Unfortunately, the author spends this entire book breaking the cliched cardinal rule of writing -- show, don't tell. For example, we're told about the protagonist's murdered father and insane mother. We're _told_. We are never shown any flashbacks in which these people are alive and relating to the protagonist. We're just supposed to swallow the scenario whole, and believe in it, care about it, for the balance of the book.
The book's third-person-omniscient point of view doesn't help matters. At some point, we're inside the head of nearly every character in the book, being told things rather than being shown them. Sometimes we're in more than one character's head in a single scene. Sometimes we're inside the "head" of something like a knife or a headache -- more than once, I noticed the author personifying objects and sensations. There was a headache or a fever that "wanted" to split somebody's head in two, or something like that. Lots of window dressing, but very little meaning.
The book tells nearly everything and shows almost nothing, and despite the author's seeming desire to be explicit, the writing remains imprecise. For just one of many possible examples of the imprecision -- at one point, the author describes a young government official as wearing a uniformly "solemn" expression, but a couple of sentences later notes that his eyes are darting around the room, which doesn't seem very solemn at all. The book is full of this type of garbled observation.

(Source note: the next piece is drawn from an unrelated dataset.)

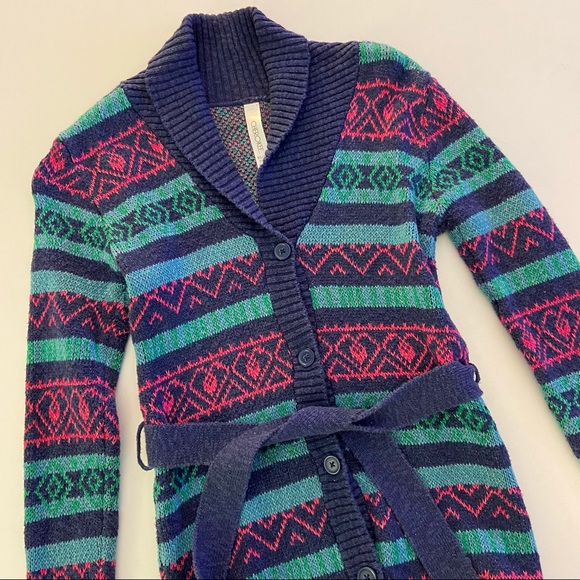 Cherokee Other - Cherokee Girls Sweater Button down long Cardigan size XL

The characters are flat and expository. The romantic male figure, Seb, is meant to be sensitive and caring but he comes off sappy. It seems like Seb's character is propped up to show the reader how businesslike and non-touchyfeely Marika, the protagonist, is. The two characters continually butt against one other and never engage in a way that seems believable. Even when they're at their most comfortable with one another, they speak in pronouncements about how much they care about each other. The famous journalist Marika pursues tells her the story of his murdered son's decomposition, and somehow that story is lacks immediacy, lacks horror. Also baffling were the fact that the famous journalist mentioned having told the decomposition story to native children who couldn't understand English, and the fact that the author includes almost nothing about Marika's reaction to hearing this story. It seems to have been included as pure exposition.
In addition to being flat, the characters were just plain implausible. I had a really hard time believing that the hardened journalist would confess to Marika that he'd promised himself he wouldn't care about anyone anymore (but, of course, he finds himself caring about _her_). Certainly not at the point in the book at which this happens. I also had a hard time believing that Marika, a professional journalist who regularly visits countries where women are second-class citizens or worse, would balk in such an ignorant manner at being made to go to a menstrual hut while having her period. Surely someone in that line of work would have some understanding of customs and superstitions that aren't in line with modern civilization.
The closest the book comes to creating a real character is with the character of Tobo the witch doctor. Tobo is dryly funny, foolish, superstitious, wise, fatalistic, and caring all at once. I found him to be the only likeable character in the book, and I was pleased that he had the last word.
But truthfully, I wouldn't pick up this book just for Tobo. The writing is very bland, and scenes that are meant to stir some emotion in the reader (including, unfortunately, the torture scenes) simply do not work. Nothing really happens in this book, which would have been something very different in the hands of a more dynamic writer.